Untuk menentukan peluang terbaik, kita perlu bertanya, “ Apakah yang saya lakukan
ini akan memberikan manfaat dalam jangka yang cukup panjang ke depan bagi
saya?” Bila jawabnya ya, maka peluang tersebut merupakan kandidat peluang
terbaik.
Ibarat menanam padi dan kelapa, maka sambil menanam padi yang memberi hasil
jangka pendek, kita juga harus menanam kelapa yang memberi hasil dalam jangka
panjang.
2. Nilai : memberikan kepuasan paling maksimal
Mungkin beberapa peluang akan sama-sama memberikan efek jangka panjang bagi
kita. Bertekun di MLM, merintis karir di kantor, ataupun membuat bisnis kursus
sendiri. Bagaimana memutuskan peluang terbaik?
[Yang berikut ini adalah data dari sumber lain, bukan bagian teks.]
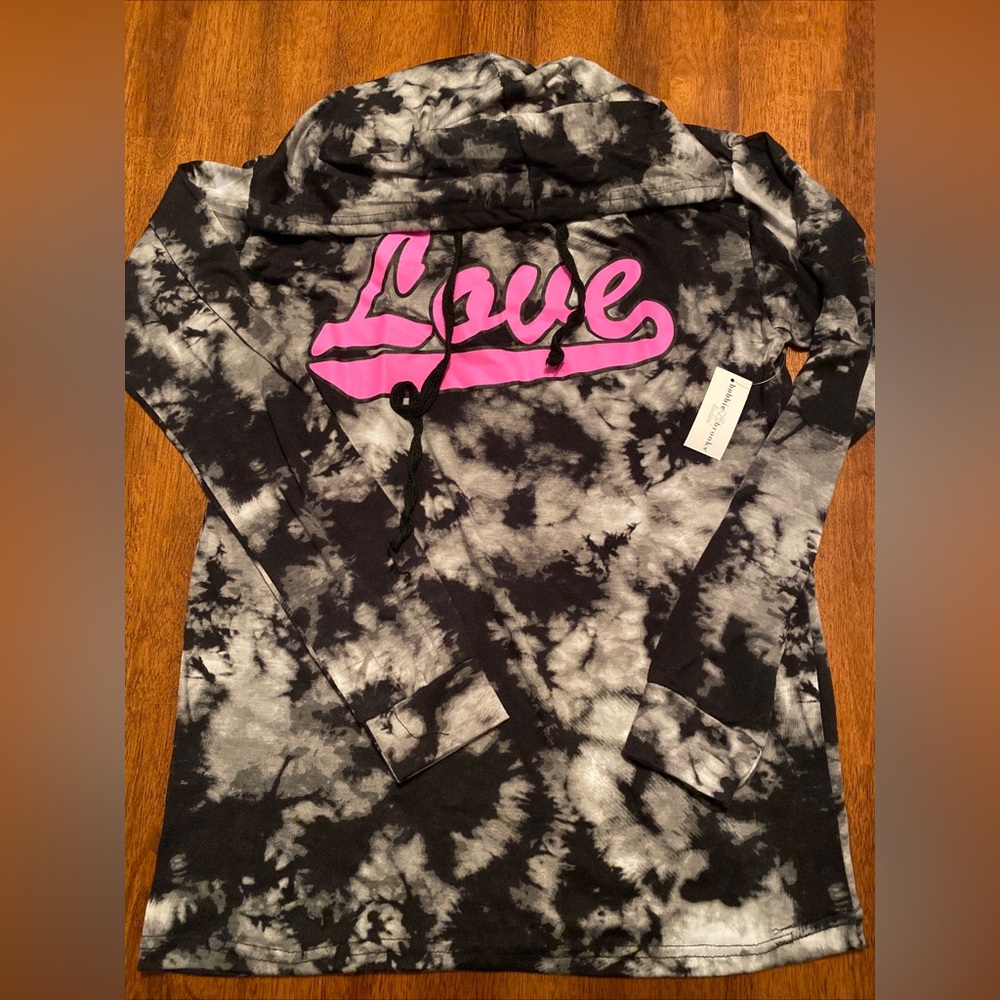 Bobbie Brooks Women's Tie Dye LOVE Hooded Sweatshirt Black/White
Setiap diri kita punya pembawaan unik. Ketika semua peluang sama menariknya,
maka pertanyaan berikutnya adalah, “Mana yang memberikan kepuasan paling
maksimal?”
Benda yang sama memberikan kepuasan berbeda bagi orang yang berbeda. Menjadi
Presiden walaupun merupakan mimpi standar bagi anak SD, ternyata bukan minat
semua orang. Mungkin saya termasuk jenis orang yang akan tersiksa dengan
protokoler kepresidenan, rumitnya pengawalan, dan intrik politik. Menurut tes SEPIA
Modus, ternyata kepuasan maksimal saya adalah dunia kreasi (tipe kreator).
3. Sesuai : yang paling sesuai (fit) kondisi
Karena setiap orang adalah unik, maka pekerjaan tertentu akan lebih sesuai bagi
orang tertentu. Bagai ikan dalam air, begitu pepatahnya. Menjadi fit bukanlah yang
terkuat, atau terhebat, tapi yang paling sesuai dengan kondisi.
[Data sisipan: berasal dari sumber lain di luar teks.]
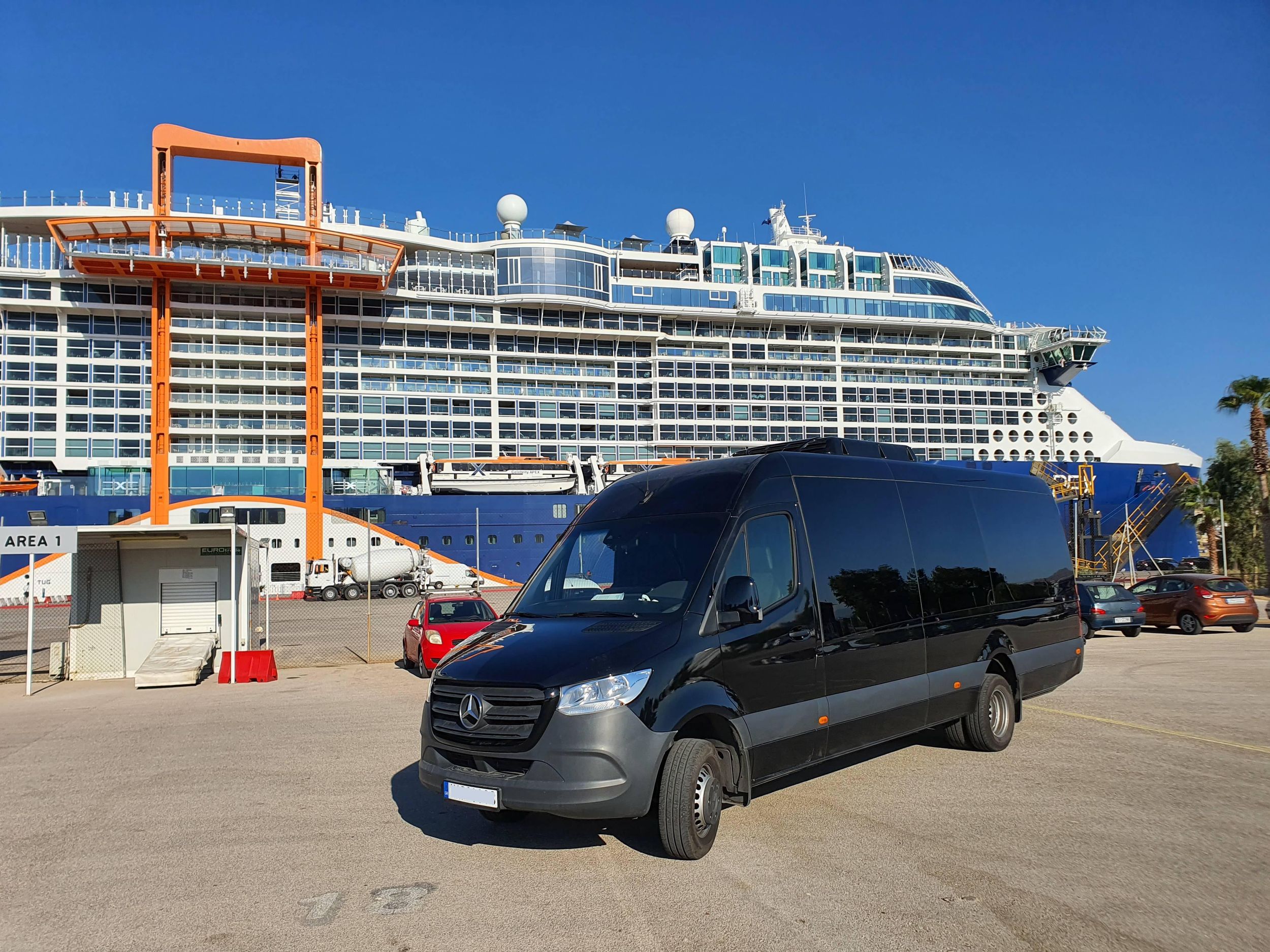 Economy-Transfer: Kreuzfahrthafen Piräus zu Hotels in Athen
Kita akan mengerjakan sesuatu dengan gampang bila kita memang punya bakat
dalam tugas tersebut. Di setiap pekerjaan sebenarnya ada sub pekerjaan yang
berbeda-beda. Apakah semua tentara harus berotot kuat? Ya jelas tidak. Napoleon
Boneparte adalah contoh legenda bahwa prajurit pendek dengan fisik kecil, namun
jagoan strategi dan membakar semangat, adalah jendral yang sangat tangguh dalam
perang. Nah, kalau Anda cerdik, walau otot biasa saja, mungkin tetap bisa cocok jadi
jenderal.
Selain bakat, dukungan komponen lain juga perlu dipertimbangkan. Kita tidak dapat
melakukan sesuatu sendirian. Memperhatikan kondisi lingkungan juga penting untuk
menilai suatu peluang terbaik. Kalau Anda ahli nuklir, paling berbakat di bidang
tersebut, tapi tinggal di sebuah desa kecil di lereng gunung Merapi, mungkin berkarir
sebagai ahli nuklir bukanlah peluang terbaik Anda saat itu. Anda harus pindah ke
negara maju, atau minimal punya akses ke pemerintah untuk mewujudkan mimpi
Anda. Walau demikian dunia terus berputar, apa yang dulu bukan peluang terbaik
bisa saja saat ini mulai menjadi peluang terbaik. Kondisi lingkungan yang berubah ini
juga perlu diperhatikan dalam menilai sebuah peluang.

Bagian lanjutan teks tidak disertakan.